The next step is to cube: $$x_1^3 = 1^3 + 3\cdot 1^2(1-\epsilon)10^{-15} +O(10^{-30})$$ This result is once again stored in a double-precision register. Call the result $x_2$: $$x_2 = 1.\underbrace{0000000000000000000000000000000000000000000000000}_{49}110_b\times2^{0}$$
Finally, we subtract $1^3 = 1$ to get $x_3$: $$\begin{align}x_3 &= 0.\underbrace{0000000000000000000000000000000000000000000000000}_{49}110_b\times2^{0}\\&={1.10\underbrace{00000000000000000000000000000000000000000000000000_b}_{50}}\times2^{-50}\end{align}$$ Where the latter expression is what is stored. Note that only the first three bits came from the value stored for $x_2$. The other 50 zero bits are not significant. The correct value for these bits were lost because they couldn't be stored in $x_1$ or $x_2$. It is only because $x_3$ got rid of the leading $1$ that suddenly we could shift the entire thing left by 50 bits and change the exponent. This is what cancellation error does. We knew $x_2$ to a precision of 52 bits. We know $1$ to infinite precision, but we only know $x_3 = x_2 - 1$ to a precision of 3 bits. All the rest are unknown bits set to $0$ since they have to be something.

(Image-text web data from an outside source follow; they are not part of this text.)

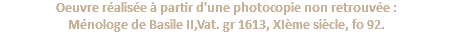 Oeuvre réalisée à partir d'une photocopie non retrouvée : Ménologe de Basile II,Vat. gr 1613, XIème siècle, fo 92.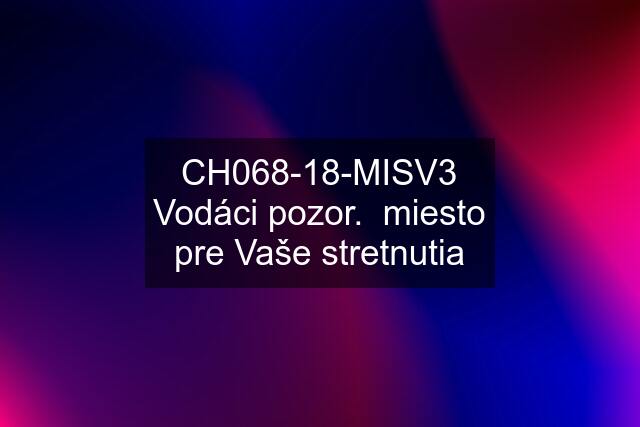 CH068-18-MISV3 Vodáci pozor.  miesto pre Vaše stretnutia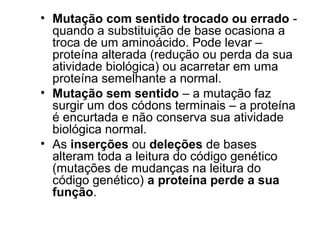 • Mutação com sentido trocado ou errado - 
quando a substituição de base ocasiona a 
troca de um aminoácido. Pode levar – 
proteína alterada (redução ou perda da sua 
atividade biológica) ou acarretar em uma 
proteína semelhante a normal. 
• Mutação sem sentido – a mutação faz 
surgir um dos códons terminais – a proteína 
é encurtada e não conserva sua atividade 
biológica normal. 
• As inserções ou deleções de bases 
alteram toda a leitura do código genético 
(mutações de mudanças na leitura do 
código genético) a proteína perde a sua 
função. 
 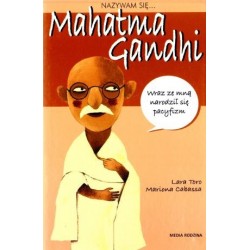 Nazywam się Mahatma Gandhi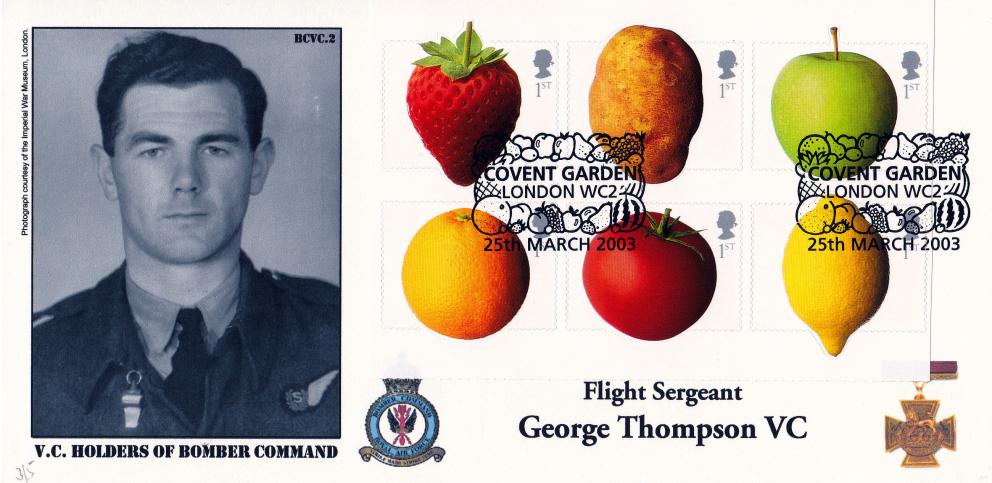 2003 (03) Fun Fruit & Veg - Cambridge Flight Sergeant George Thompson VC, Covent Garden Official (Pair) - Only 5 produced!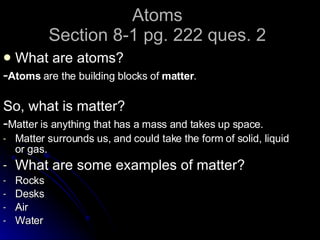 Atoms Section 8-1 pg. 222 ques. 2 What are atoms? - Atoms  are the building blocks of  matter . So, what is matter? - Matter is anything that has a mass and takes up space. Matter surrounds us, and could take the form of solid, liquid or gas. What are some examples of matter? Rocks Desks Air Water 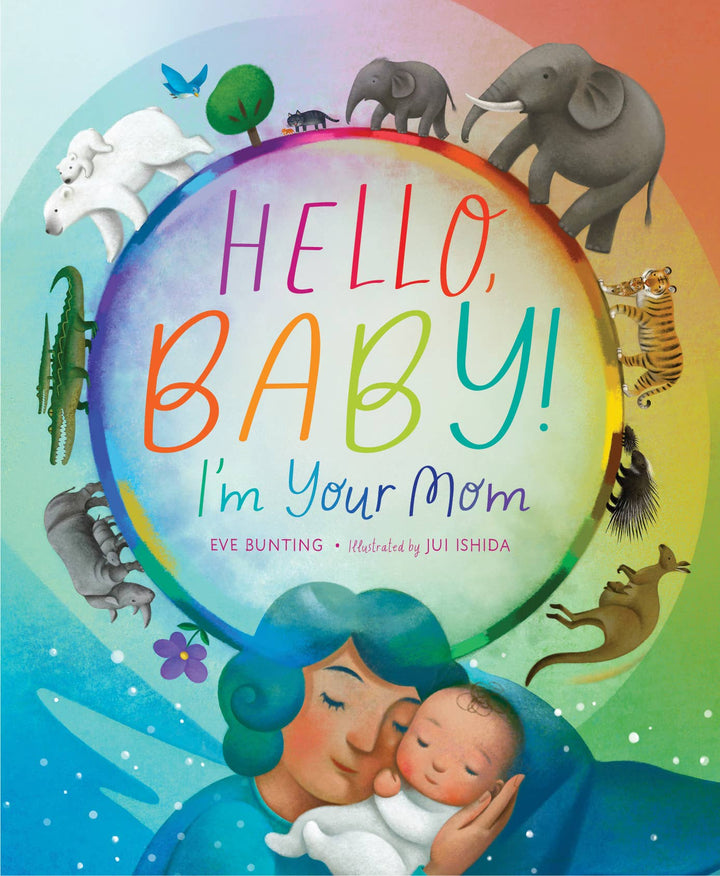 Hello, Baby! I'm Your Mom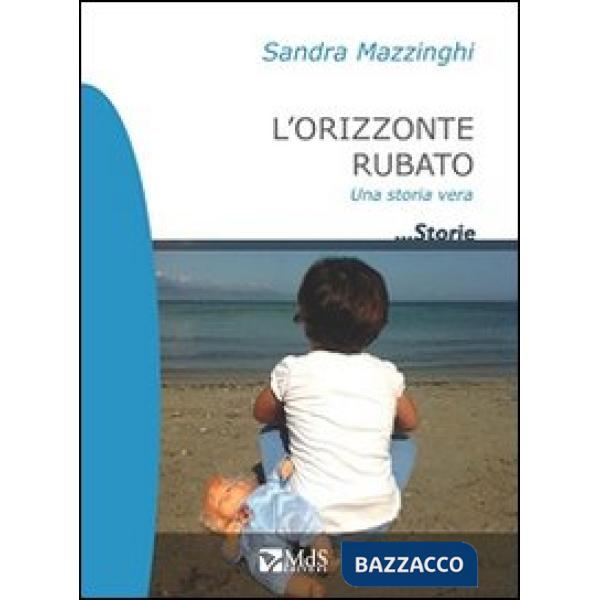 Orizzonte rubato (L')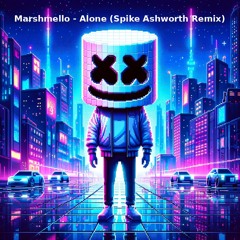 Marshmello - Alone (Spike Ashworth Remix)
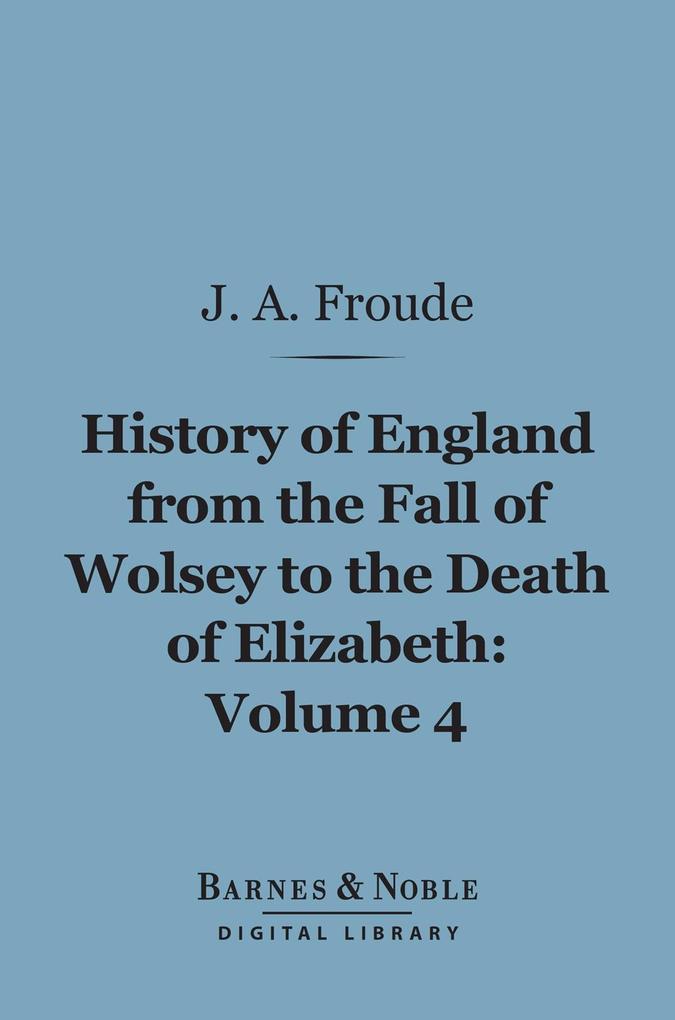 History of England From the Fall of Wolsey to the Death of Elizabeth Volume 4 (Barnes & Noble Digital Library)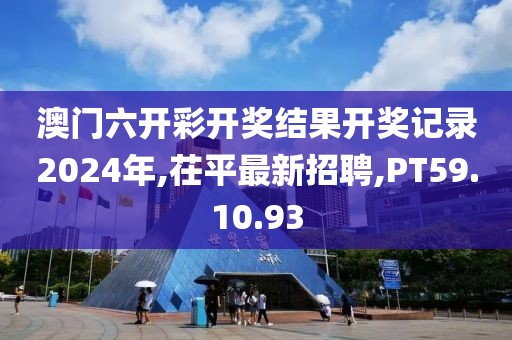 澳門六開彩開獎(jiǎng)結(jié)果開獎(jiǎng)記錄2024年,茌平最新招聘,PT59.10.93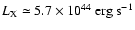 $L_{\rm {X}}\simeq 5.7 \times 10^{44} {\rm ~erg~s^{-1}}$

In the alternate approach where one notes that $(r+w)^3 - r^3 = 3r^2w + 3rw^2 + w^3 = 3\times 10^{-15} + 3\times 10^{-30} + 10^{-45}$, the first term is stored as $$1.1011000001011000011101101110010110110000000100100000_b \times 2^{-50}$$ and aligning the second term with that to allow addition is (if I haven't messed up) $$0.0000000000000000000000000000000000000000000000000111_b \times 2^{-50}$$ The final term is too small to contibute anything at all, so the computed value will be $$1.1011000001011000011101101110010110110000000100100111_b \times 2^{-50}$$ Which is indeed the first 53 significant bits of $(1+10^{-15})^3 - 1$, and considerably different from the $x_3$ value computed before.